■ **About this task**
With both ends included, repeat exactly the lines of the entries below from the one containing "Carvajal: ''Llevamos una" down to the one containing "Polarised Lenses", and no others.

Stored data:
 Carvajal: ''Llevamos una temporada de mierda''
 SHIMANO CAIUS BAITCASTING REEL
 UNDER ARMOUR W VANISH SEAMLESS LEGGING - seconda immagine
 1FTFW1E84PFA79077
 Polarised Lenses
...
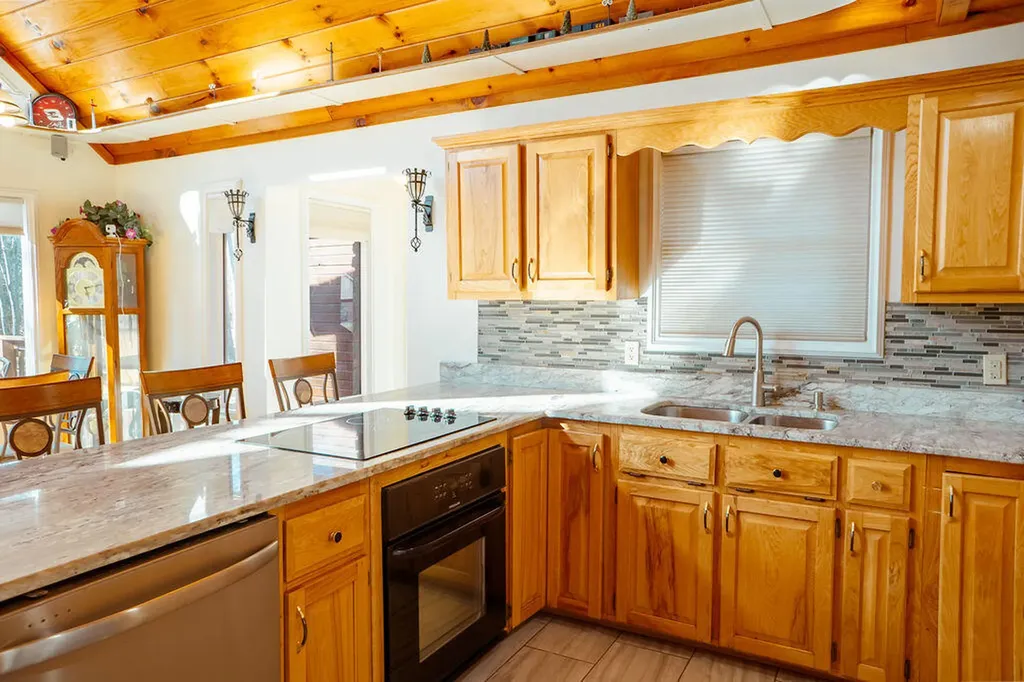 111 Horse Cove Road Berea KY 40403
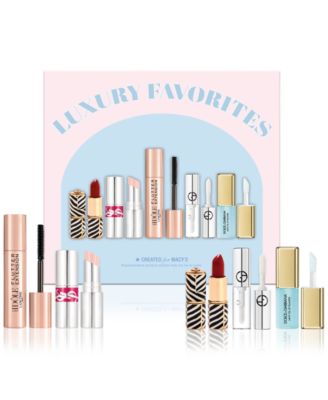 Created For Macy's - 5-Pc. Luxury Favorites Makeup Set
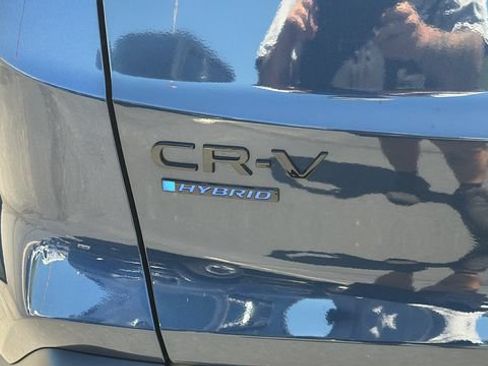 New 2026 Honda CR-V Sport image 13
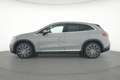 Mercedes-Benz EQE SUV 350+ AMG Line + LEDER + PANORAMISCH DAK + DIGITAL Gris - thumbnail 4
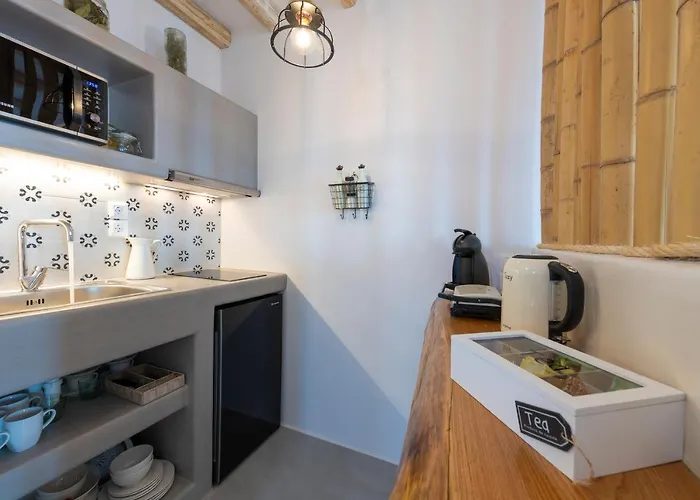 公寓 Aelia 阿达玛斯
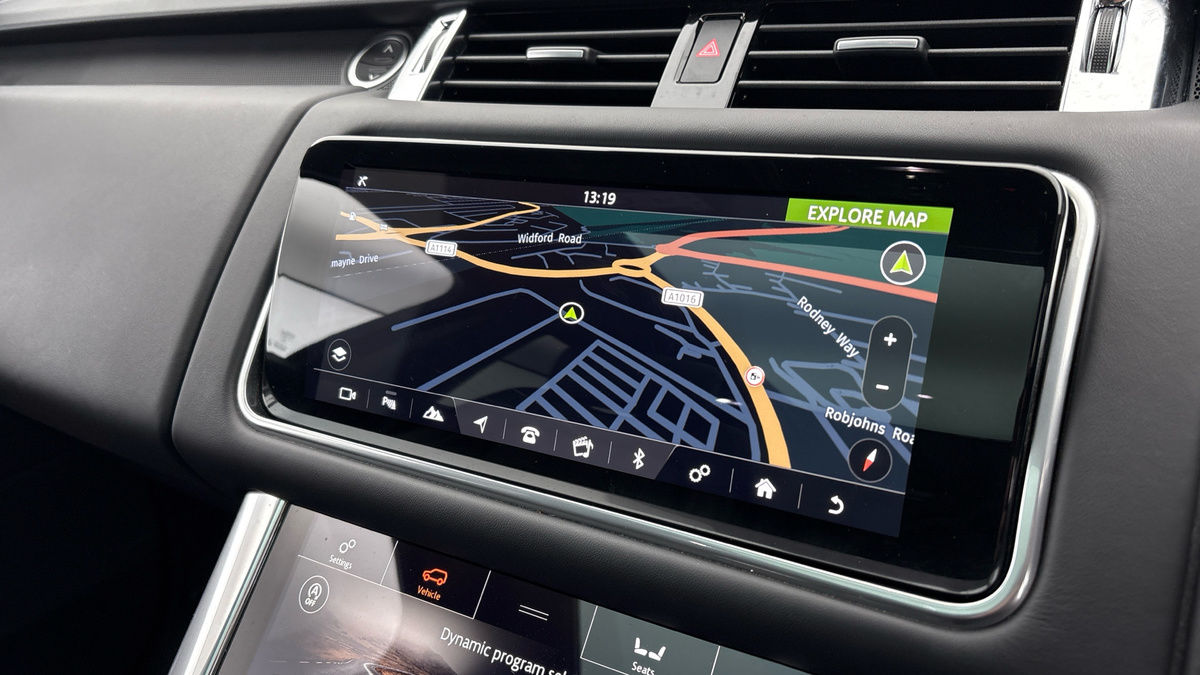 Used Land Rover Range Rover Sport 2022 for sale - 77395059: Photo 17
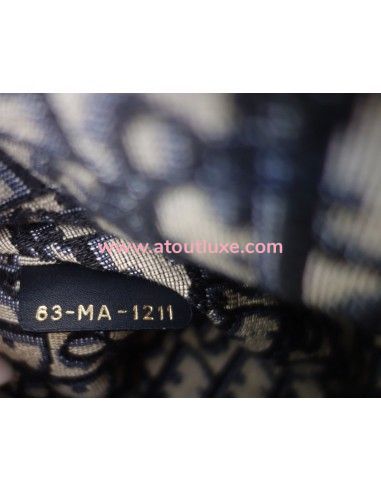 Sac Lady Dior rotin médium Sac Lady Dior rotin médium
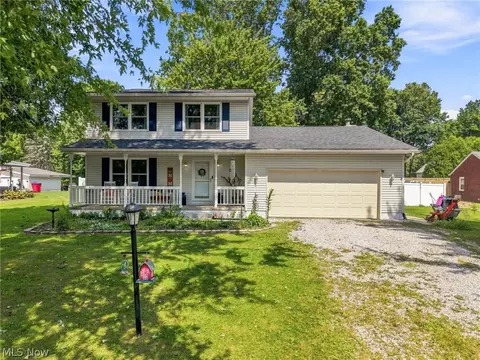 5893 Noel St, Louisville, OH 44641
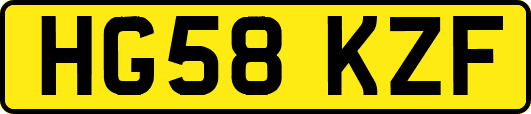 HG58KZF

■ **Expected answer**
 Carvajal: ''Llevamos una temporada de mierda''
 SHIMANO CAIUS BAITCASTING REEL
 UNDER ARMOUR W VANISH SEAMLESS LEGGING - seconda immagine
 1FTFW1E84PFA79077
 Polarised Lenses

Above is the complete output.